We are currently into day 11 of the breaking of the Air Enron scandal. To date, we have seen:
- Three official statements from the city DOI, all of which directly contradicted:
- Several mad-dash-to-safety statements by the owners of Air America
- An official investigation launched by Eliott Spitzer into the misappropriation of funds by Gloria Wise
- Zero mentions of any kind in the New York Times of somewhere around a million dollars being diverted from the funds of a New York based charity into the coffers of a New York based radio conglomerate.
By contrast, what do we find on the front page of the Newspaper of Record? Peter Jennings has died. Which, although certainly something that deserves a mention, was a surprise to absolutely no one. A story about the alleged abuse of terrorists. Which means that the total of these stories is approaching the total number of detained terrorists. No mentions of Air America or Gloria Wise.
On the editorial page? A mandatory daily article about Karl Rove (may we humbly remind you that there have been precisely zero official statements from government investigators in the Karl Rove case). An editorial about corruption which surprisingly has nothing to do with Air Enron. No mentions of Air America or Gloria Wise.
Not to be deterred, we shall examine the local opinions page. Surely this is worth a mention there? Nope. But a glowing editorial praising the effects of the indoor smoking ban is front and center.
Every day that the Times allows this to go by is another day they are tacitly saying that defrauding a public charity is no big deal, so long as it is done by those with a liberal agenda. Every day the bloggers and other national newspapers discover this story while the Times remains silent, the virtually non-existent credibility of the Grey Lady takes another serious hit.

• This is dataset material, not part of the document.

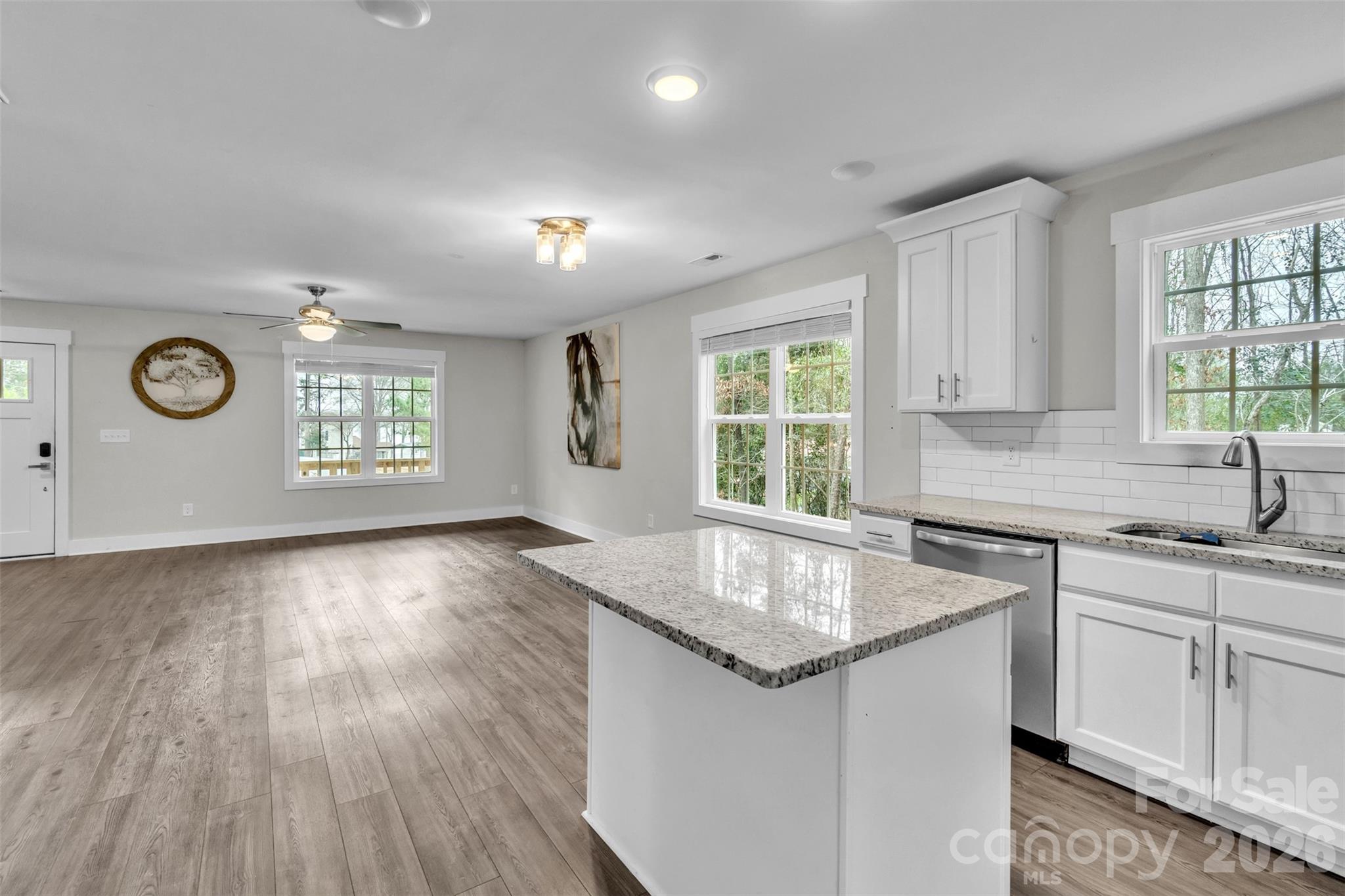 518 Lake Head Road Norwood, NC 28128 - Photo 18 of 39 a kitchen with granite countertop a oven a sink dishwasher and white cabinets with wooden floor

We're just here manning the clock.
There is one other thing that I'd like to point out about this whole situation. If it's true that the new ownership of Air America is under no legal obligation to repay the loan in question, then why is the DOI setting guidelines for repayment and further issuing public statements expressing dismay that those guidelines are being ignored? Seems to me that if the claims of Piquant LLC were true that they were legally scot-free, the DOI would be saying something that, you know, sort of closely resembled that, rather than publicizing the terms of repayment.

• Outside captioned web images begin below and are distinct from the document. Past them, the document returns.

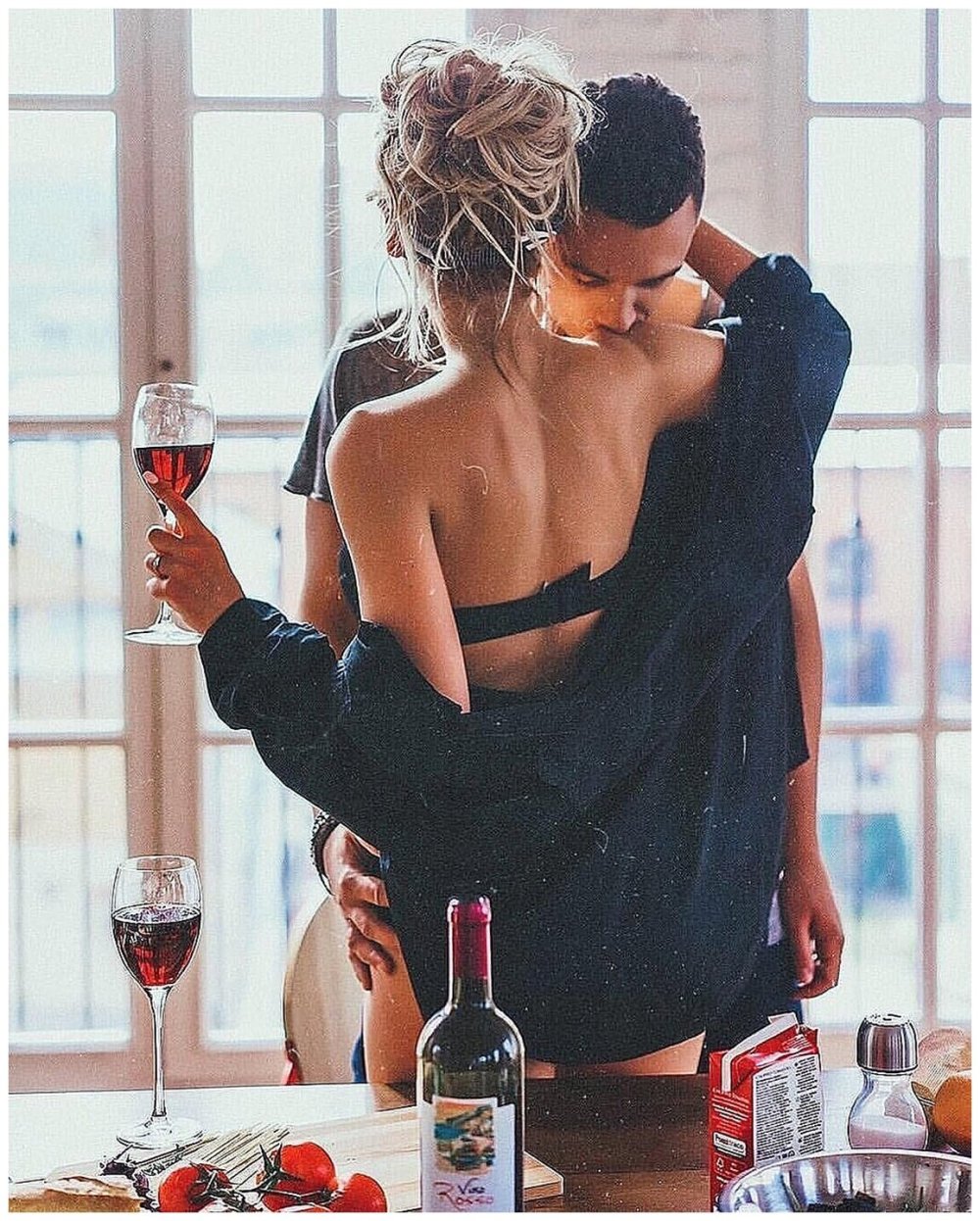 Girl and guy with wine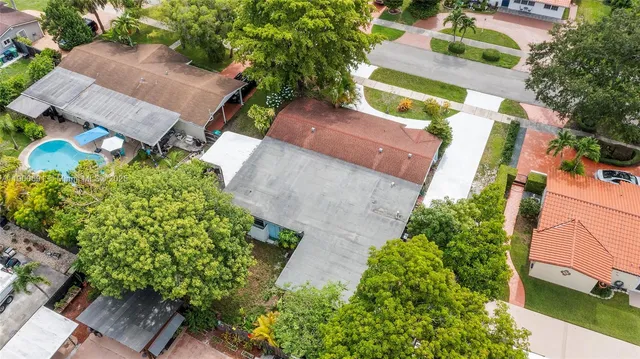 an aerial view of a house with a yard and garden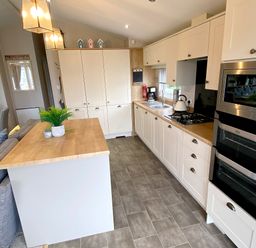 A kitchen with white cabinets wooden countertops a gas stove a microwave an oven a coffee maker and a small island with plants at Meadow Lodge in Cayton
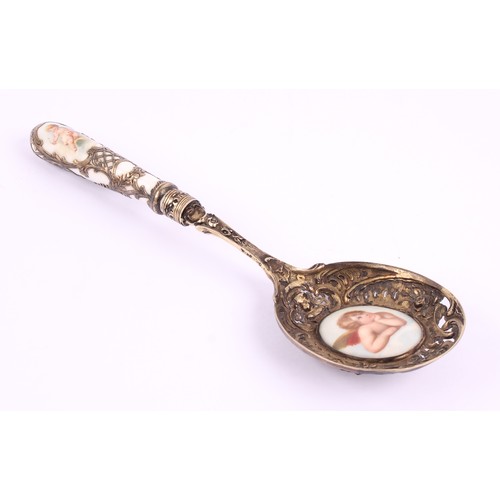27 - A German silver gilt and porcelain mounted spoon, pierced and cast with flowering urns, busts and sc... 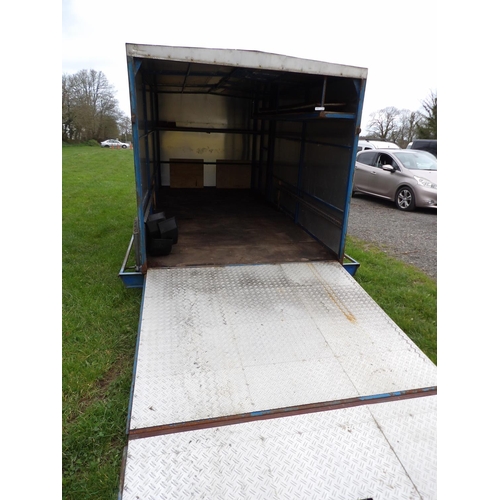 35 - A fully covered aluminum clad tandem axle transporter trailer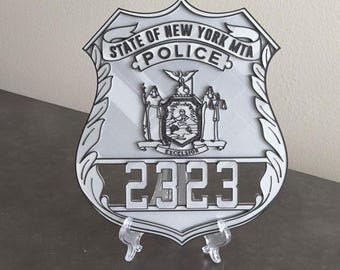 May include: A silver-toned State of New York MTA Police shield badge featuring the text STATE OF NEW YORK MTA, POLICE, and EXCELSIOR. The center displays the New York state seal with two figures and an eagle, with the number 2323 at the bottom.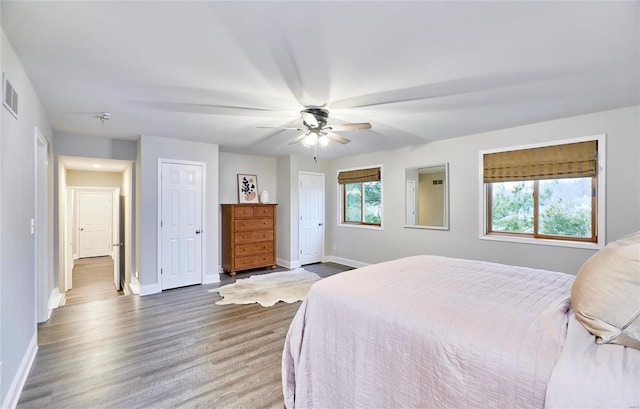 bedroom featuring ceiling fan and wood-type flooring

Perhaps the reason that Piquant is defying the DOI's order is that they simply don't have the money to make the payment. Which would certainly make sense if they can't afford to pay their staffers, as Brian Maloney theorizes today. Yuck.
At this point, I am ready to offer a bold prediction. A la Eason Jordan, the first mention of this story we will find in the New York Times is when Air America actually folds under - yet again placing the MSM in the unenviable position of reporting the "shocking" conclusion to a story that they have studiously ignored. I can almost feel pity for them.